Purpose
The objective of this homework is for you to practice concepts learned in class and apply them to a real-case scenario. The concepts we will practice in this homework are related to understanding IV. You are building your skills: reading papers, interpreting tables, interpreting coefficients from complex designs, and using research to think about policy implications. Look at you!
Clean your desk, get a bottle of water, pick your favorite beverage, turn on “do not disturb,” set a timer for 45 min (then take breaks), put on some work tunes, and dive into the fun of learning.
Guidelines
- You can work by yourself or in groups of up to two students.
- Submit your answers to Gradescope (within Canvas). If you are a group, we encourage you to submit one assignment per group, though unnecessary.
- We encourage you to use the boxes; PDFs, JPGs, and PNGs are preferable over Word documents or CSV. Remember, you can always save something as a PDF. You can also “Screenshot” anything. In Windows, you can do this by using the snipping tool or Windows+Shift+S. In Mac, you can do this by command+shift+4.
- Submit your do-file to Gradescope (within Canvas).
- You will get points for correct answers. You will get points deducted if the answer contains more information that’s not necessary or if the answer contains incorrect statements among correct statements. In short, we are trying to incentivize students to use the least amount of characters while maximizing the accuracy of responses.
- Your responses should be professionally formatted and written.
- The due date is Monday, Match 18th, at 10pm EDT.
Private Prisons & Length of Service
For this homework, we will ask questions based on the study by Anita Mukherjee titled “Impacts of private prison contracting on inmate time served and recidivism”. This paper examines the relationship between private prisons and length of service. New prisons are usually built because there is a “demand” for putting people into prisons. The main argument for a private prison system is that it saves money. The arguments against it focus on the dangers of having a private agent managing a “public” service. For example, their incentives may be to maximize profits (like any other economic agent) rather than focus on reducing recidivism, a welfare-improving outcome. In this homework, we will go over a paper that tries to tackle part of this issue. In theory, having a prison be private or public should not affect the crimes committed nor the sentencing, and so we should see no difference in length of service between public and private prisons, especially for two individuals with the same characteristics. This paper analyzes that question.

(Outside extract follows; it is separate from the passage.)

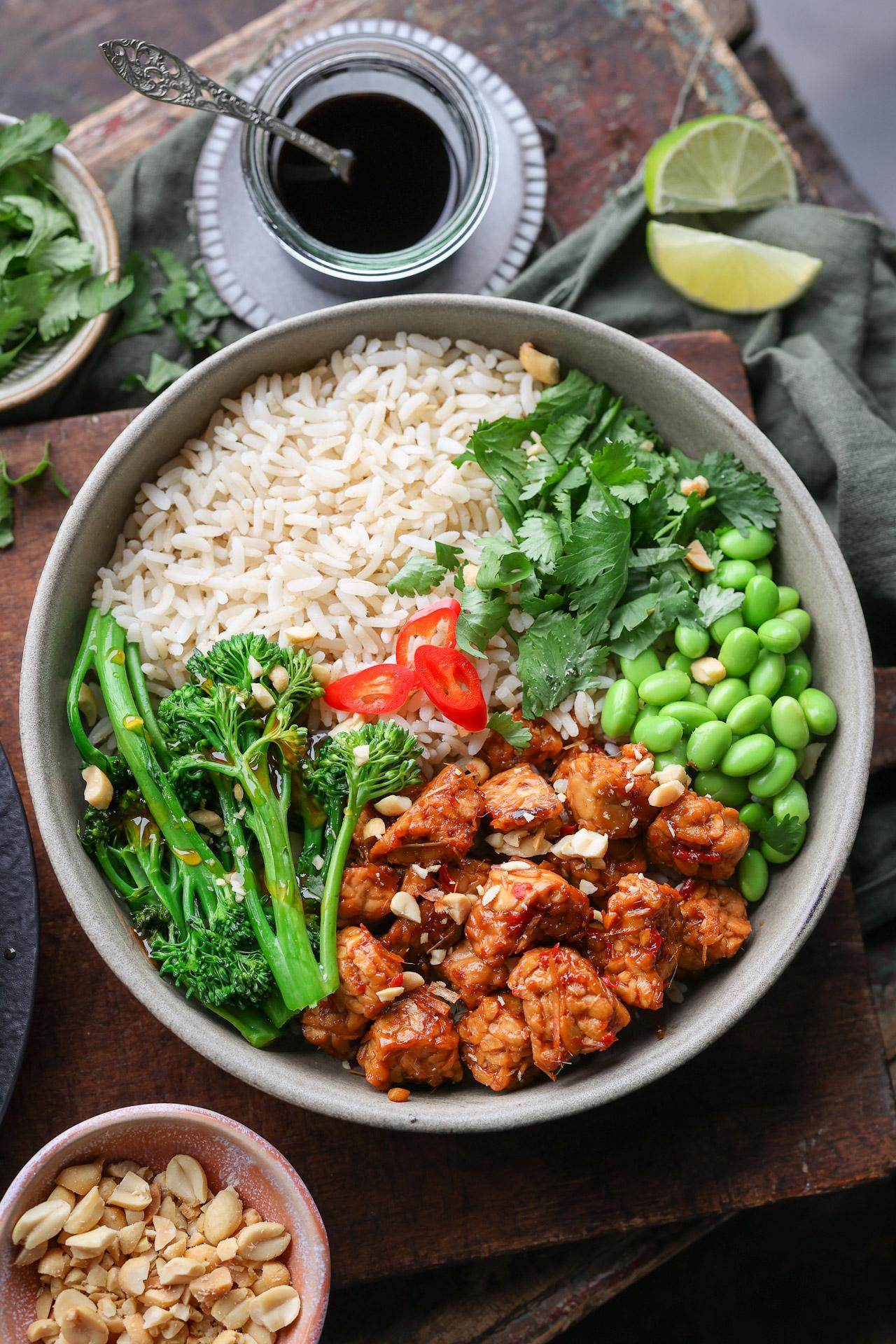 Main image of Chili & Lemongrass Tempeh Bowl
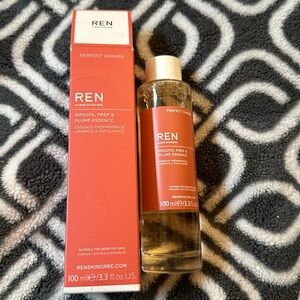 REN Clear Skincare Smooth, Prep, & Plump Essence 3.3oz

A lot of context is needed to understand the importance of this question and the complexity of the issue. First, read the introduction of the paper to get yourself acquainted with the context.
Understand the Paper
- If we wanted to understand the effect of going to a private prison on length of service, what regression would we want to run? Write it out and describe how you would code each variable and your unit of observation.
- Read the paper and answer the following questions:
- What are the main outcome variables? Explain how each of them is coded.
- What is the main explanatory variable? Explain how it is coded.
- What is the instrument in this setting (be as explicit as possible)? Who are the "compliers" in this case? (We are not looking for a textbook definition of what compliers are). How is this instrument coded?
- What is the LATE in this context? (I am not looking for the definition of LATE, but the interpretation within this context).
- Write down an equation representing the “First Stage” in this setting.
- Write down an equation representing the “Reduced Form” in this setting.
- Which table (column?) or figure provides evidence of the relevance condition?
- Does the instrument satisfy the exclusion restriction? Can you provide a compelling argument against it?
- What are the main findings?
- What does this research imply about the cost-saving argument for private prisons?
- Create a variable called “sentence_end” which represent the end of the sentence. This can be done by adding the SentencedDays to the sentence_start_date. Browse SentencedDays and sentence_start_date to understand the variables and then create the variable. Show a screenshot of your browse for your answer.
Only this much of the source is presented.